| TASK INSTRUCTIONS |
Would you repeat the entries below word for word and omit the pictures?

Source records
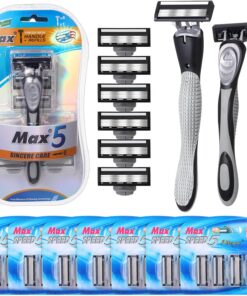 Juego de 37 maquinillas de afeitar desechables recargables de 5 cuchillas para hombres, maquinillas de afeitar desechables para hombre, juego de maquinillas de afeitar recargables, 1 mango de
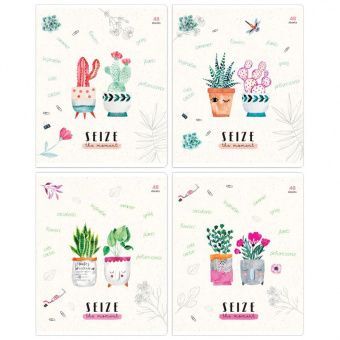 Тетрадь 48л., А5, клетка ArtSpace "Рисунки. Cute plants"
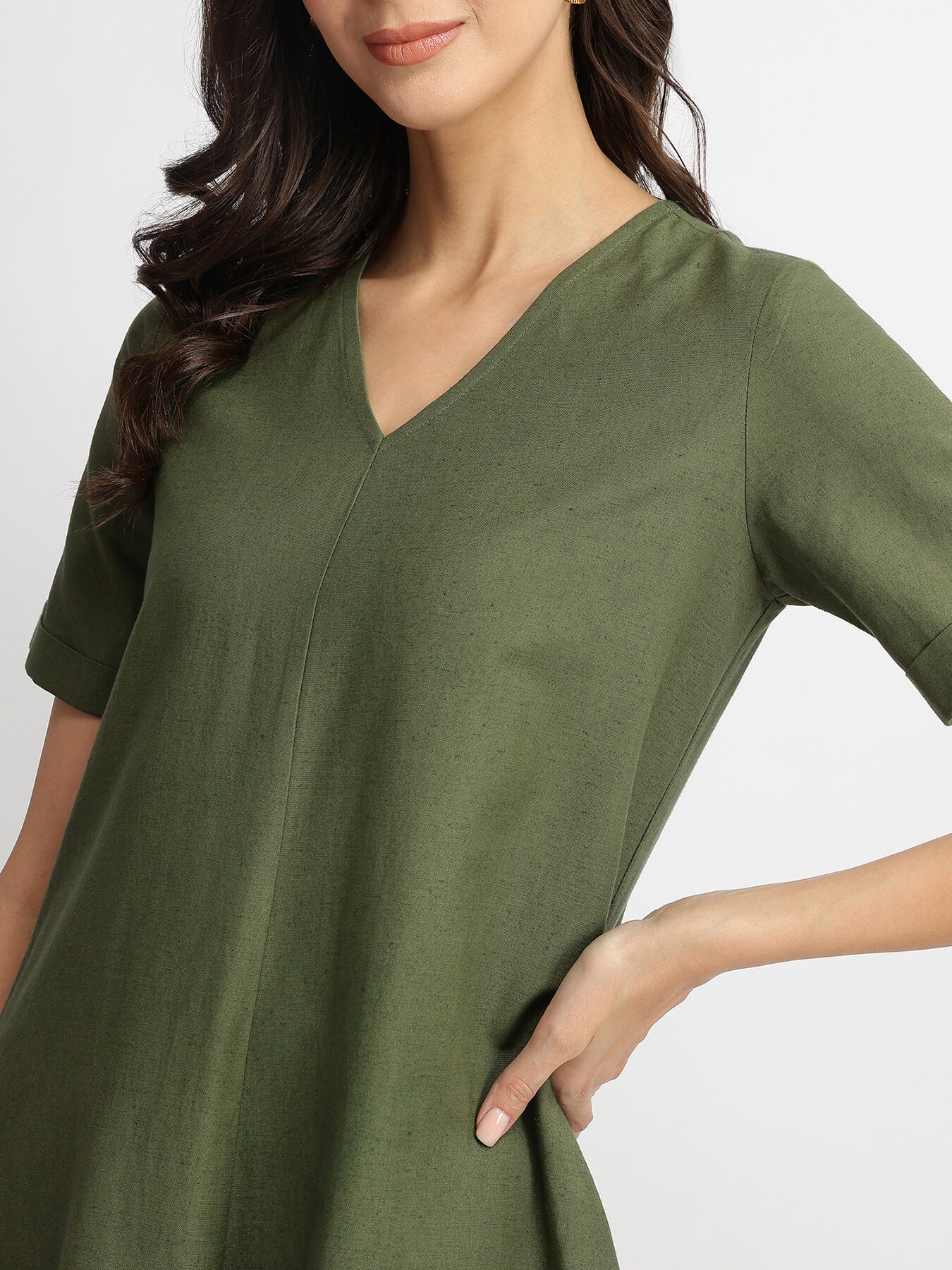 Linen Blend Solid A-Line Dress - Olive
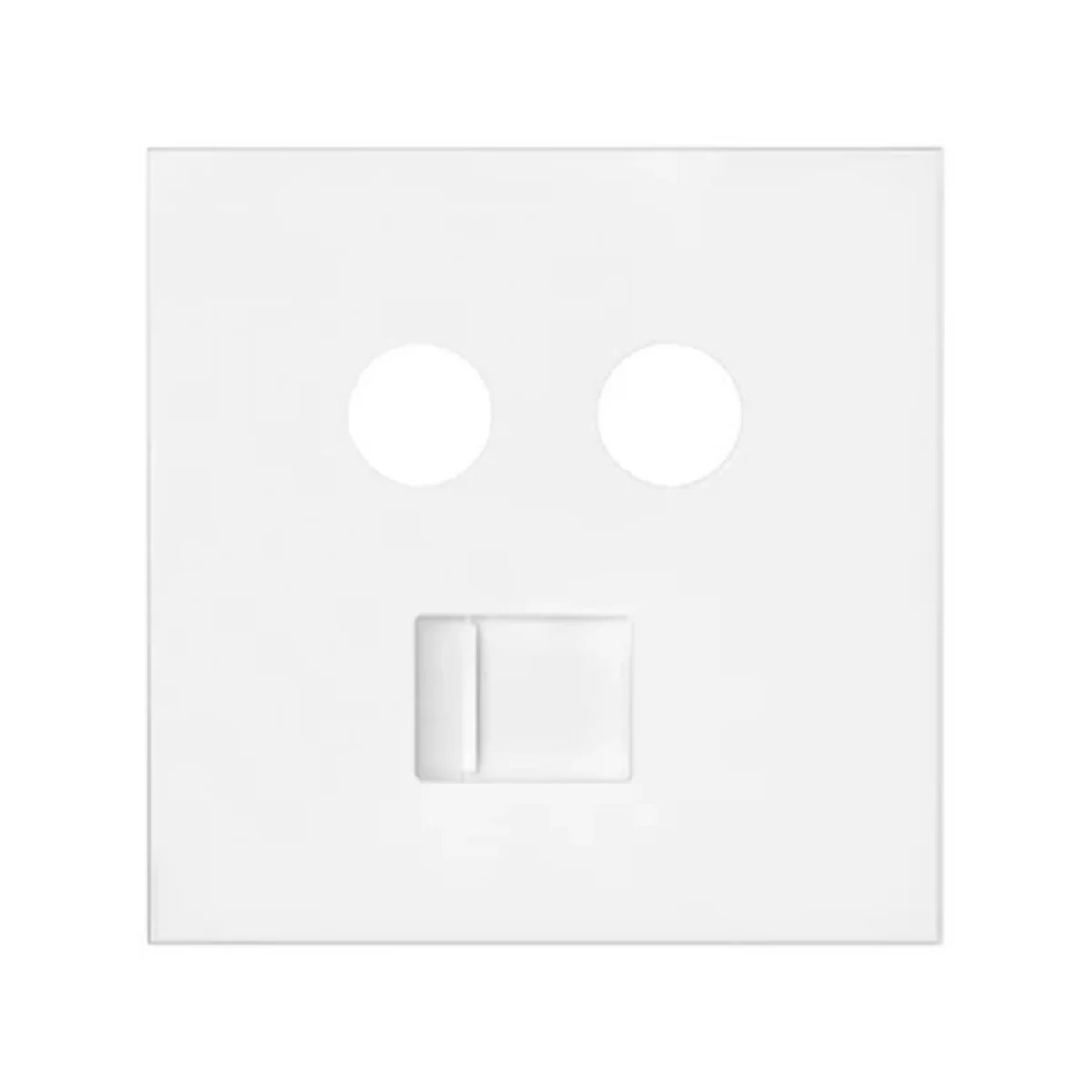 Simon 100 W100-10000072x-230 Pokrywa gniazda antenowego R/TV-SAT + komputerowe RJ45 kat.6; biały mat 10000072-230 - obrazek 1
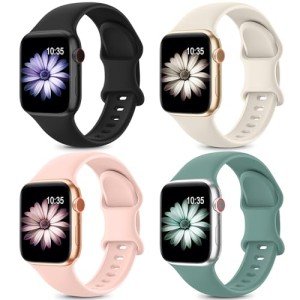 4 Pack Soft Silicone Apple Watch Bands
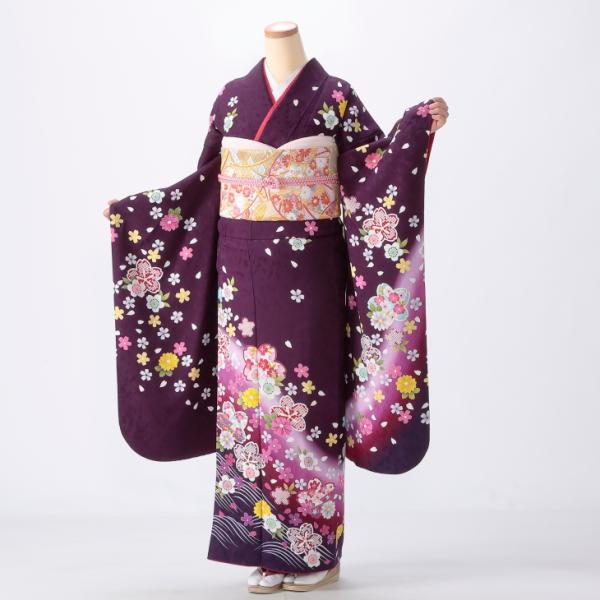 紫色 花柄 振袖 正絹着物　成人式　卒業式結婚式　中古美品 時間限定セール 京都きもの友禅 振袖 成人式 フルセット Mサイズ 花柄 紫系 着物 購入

| COMPLETED EXERCISE |
 Juego de 37 maquinillas de afeitar desechables recargables de 5 cuchillas para hombres, maquinillas de afeitar desechables para hombre, juego de maquinillas de afeitar recargables, 1 mango de
 Тетрадь 48л., А5, клетка ArtSpace "Рисунки. Cute plants"
 Linen Blend Solid A-Line Dress - Olive
 Simon 100 W100-10000072x-230 Pokrywa gniazda antenowego R/TV-SAT + komputerowe RJ45 kat.6; biały mat 10000072-230 - obrazek 1
 4 Pack Soft Silicone Apple Watch Bands
 紫色 花柄 振袖 正絹着物　成人式　卒業式結婚式　中古美品 時間限定セール 京都きもの友禅 振袖 成人式 フルセット Mサイズ 花柄 紫系 着物 購入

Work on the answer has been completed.